In the same article, Dvořák stated that he regarded the symphony's second movement as a "sketch or study for a later work, either a cantata or opera ... which will be based upon Longfellow's [The Song of] Hiawatha" (Dvořák never actually wrote such a piece). He also wrote that the third movement scherzo was "suggested by the scene at the feast in Hiawatha where the Indians dance".
Curiously enough, passages which modern ears perceive as the musical idiom of African-American spirituals may have been intended by Dvořák to evoke a Native American atmosphere. In 1893, a newspaper interview quoted Dvořák as saying "I found that the music of the negroes and of the Indians was practically identical", and that "the music of the two races bore a remarkable similarity to the music of Scotland".[4][5] Most historians agree that Dvořák is referring to the pentatonic scale, which is typical of each of these musical traditions.[6]
In a 2008 article in The Chronicle of Higher Education, prominent musicologist Joseph Horowitz asserts that African-american spirituals were a major influence on the ninth symphony, quoting Dvořák from an 1893 interview in the New York Herald as saying, "In the negro melodies of America I discover all that is needed for a great and noble school of music."[7]
Despite all this, it is generally considered that, like other Dvořák pieces, the work has more in common with folk music of his native Bohemia than with that of the United States. Leonard Bernstein averred that the work was truly multinational in its foundations.[8]

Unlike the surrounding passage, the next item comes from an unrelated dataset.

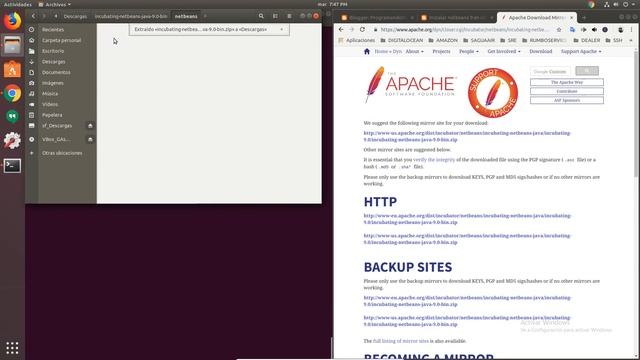 ☕ Instalar netbeans 9 en ubuntu 18.04 ? смотреть онлайн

The anthem of the Bureau of International Expositions was extracted from the starting part of the fourth movement of the symphony.

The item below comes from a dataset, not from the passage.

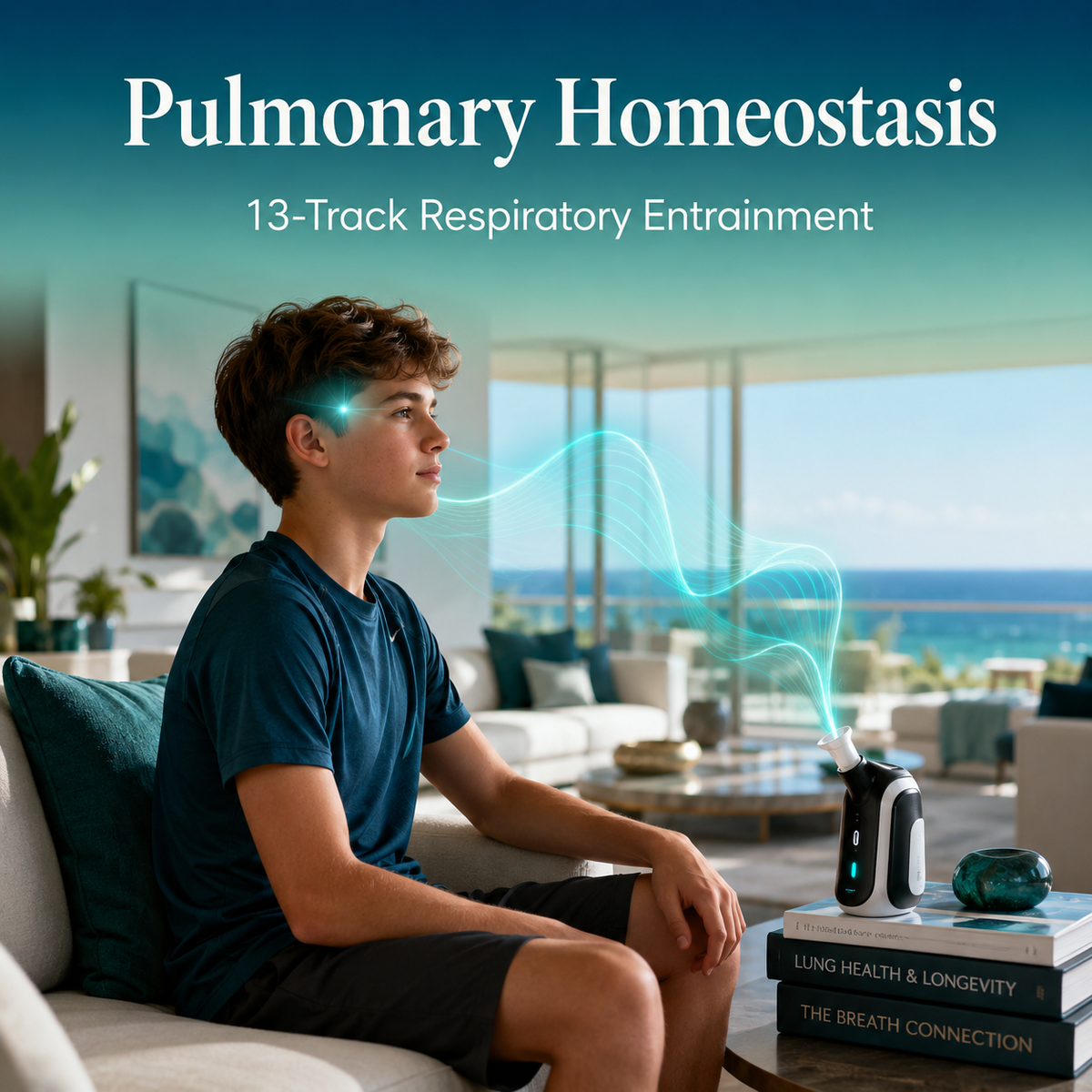 Pulmonary Homeostasis: 13-Track Respiratory Entrainment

At the ninth symphony's premiere at Carnegie Hall (December 16, 1893[9]) the reception was one of perpetual cheering. The end of every movement was met with thunderous clapping and Dvořák felt obliged to stand up and bow. In a letter to his publisher Simrock he stated how there was "no getting out of it, and I had to show myself willy-nilly".
It has been claimed that the theme from the Largo was adapted into a spiritual-like song "Goin' Home", by composer Harry Burleigh, whom Dvořák met during his American sojourn, and lyricist William Arms Fisher,[10] but the song was actually written by Fisher and based on Dvořák's Largo theme. Richard Taruskin, however, states that it is unknown whether or not there already existed a spiritual that was used by Dvořák. What is known for sure, however, is that it has been popularised as a result.[11]
The score as published has some differences from Dvořák's manuscript. The published score is the version almost always heard today. However, the original version as written by Dvořák has been championed by conductor Denis Vaughan, who performed it for the first time on 17 May 2005 with the London Philharmonic Orchestra at the Royal Albert Hall, London.[12]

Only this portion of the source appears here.